##### ENTRIES PROVIDED

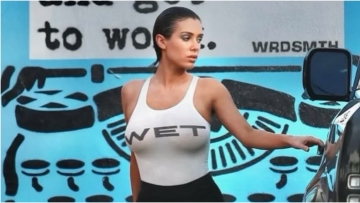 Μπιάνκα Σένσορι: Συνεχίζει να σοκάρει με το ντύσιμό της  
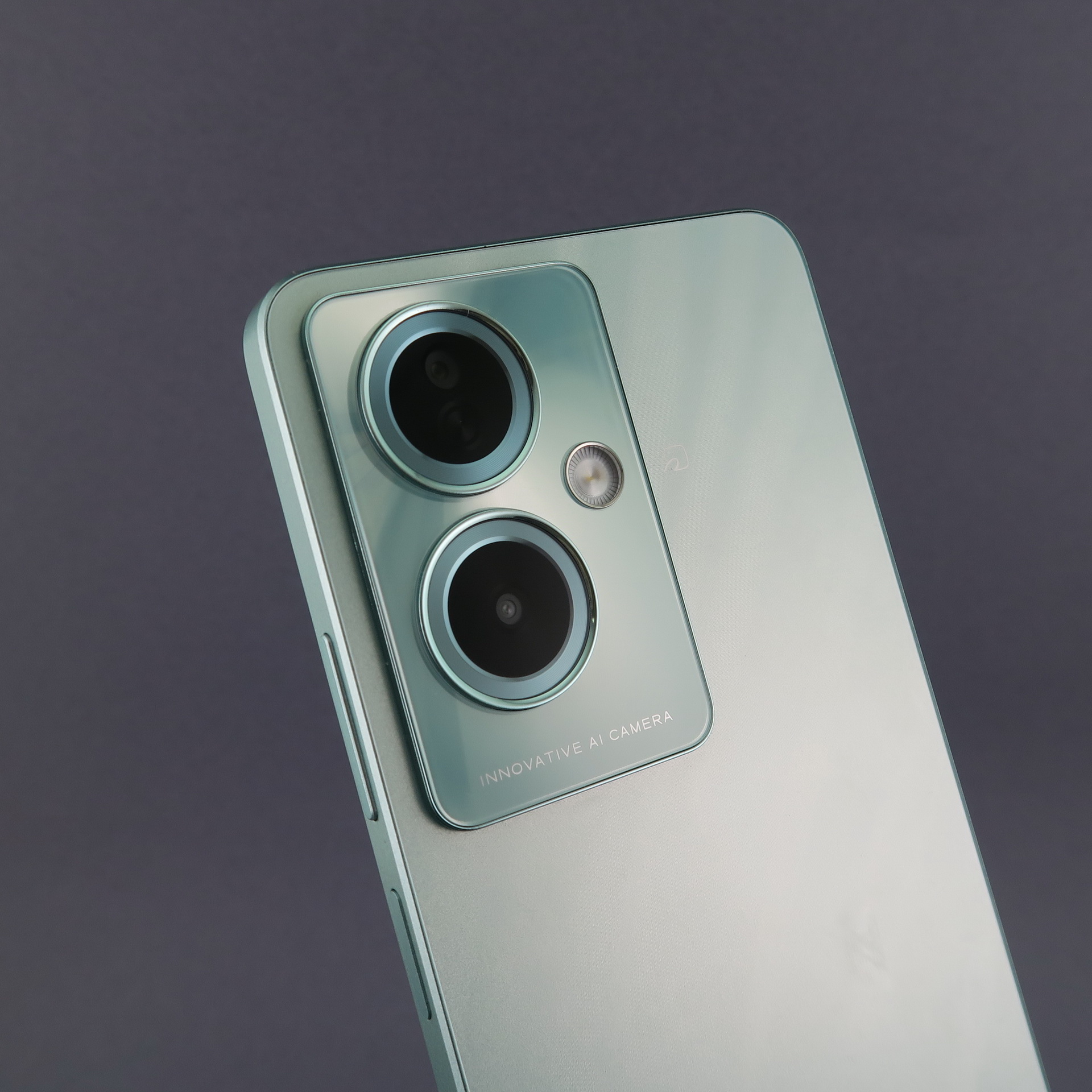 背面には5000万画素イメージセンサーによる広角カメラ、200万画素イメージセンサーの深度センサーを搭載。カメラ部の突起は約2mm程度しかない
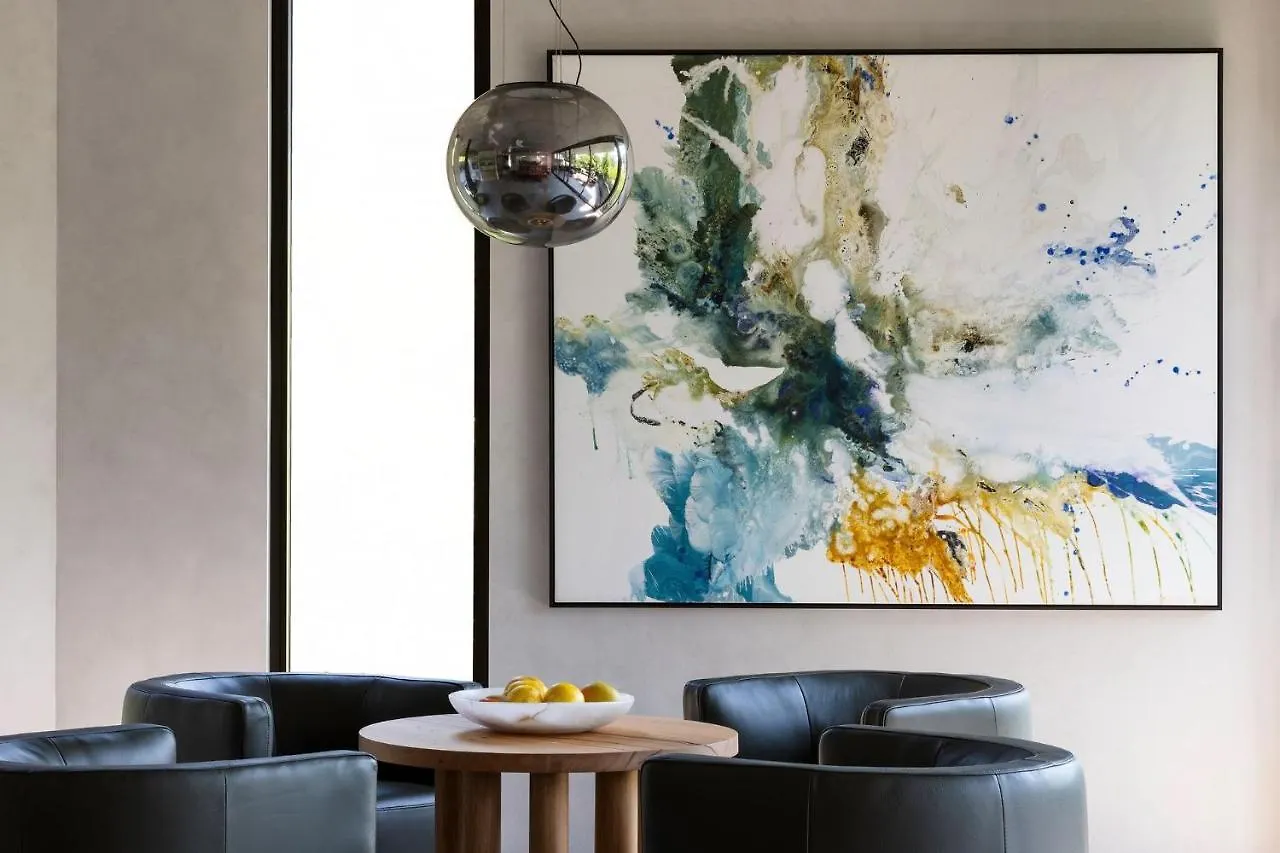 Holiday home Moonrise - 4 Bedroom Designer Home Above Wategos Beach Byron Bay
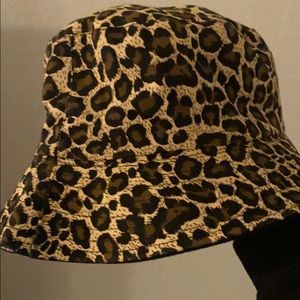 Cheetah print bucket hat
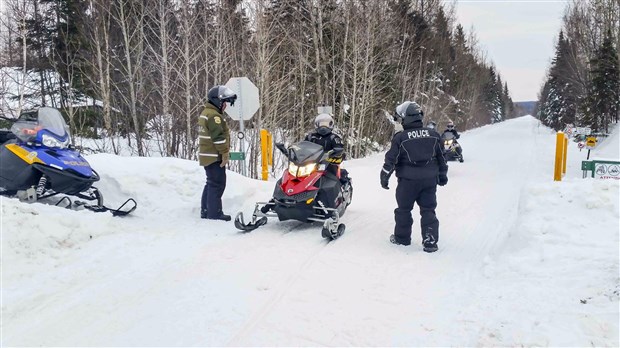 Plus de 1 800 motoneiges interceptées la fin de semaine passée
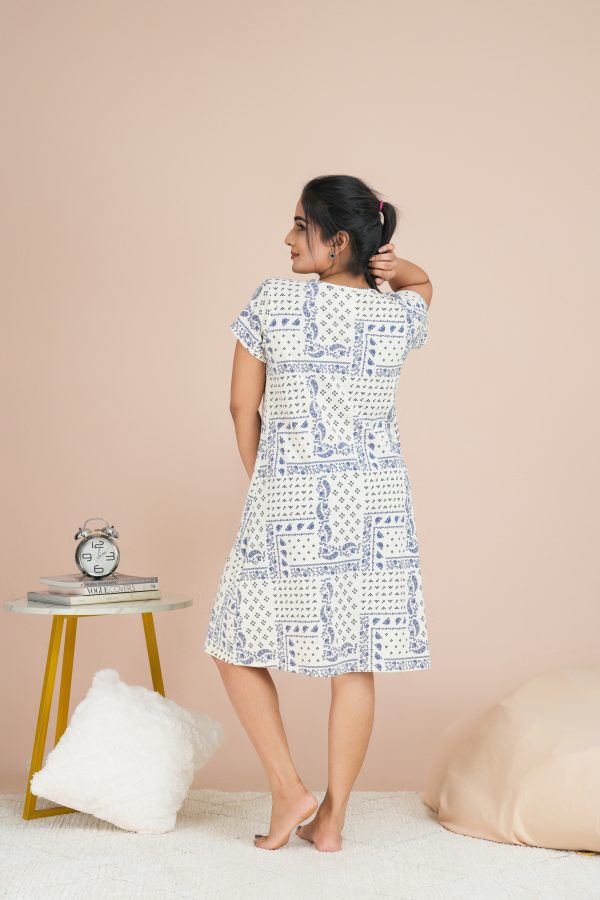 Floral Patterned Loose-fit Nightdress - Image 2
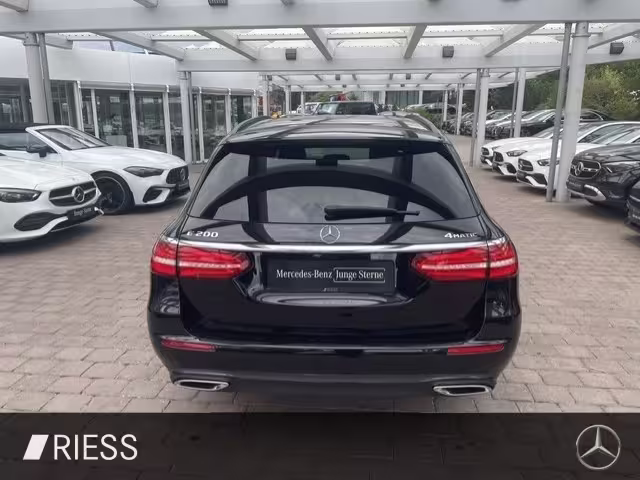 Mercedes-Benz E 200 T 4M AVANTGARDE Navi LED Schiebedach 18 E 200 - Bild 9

##########

EXERCISE DIRECTIONS »
None of the pictures belong in the result. Print exactly the lines from the one containing "Plus de 1 800" through the final line of the entries.

ANSWER TO THE PROBLEM »
 Plus de 1 800 motoneiges interceptées la fin de semaine passée
 Floral Patterned Loose-fit Nightdress - Image 2
 Mercedes-Benz E 200 T 4M AVANTGARDE Navi LED Schiebedach 18 E 200 - Bild 9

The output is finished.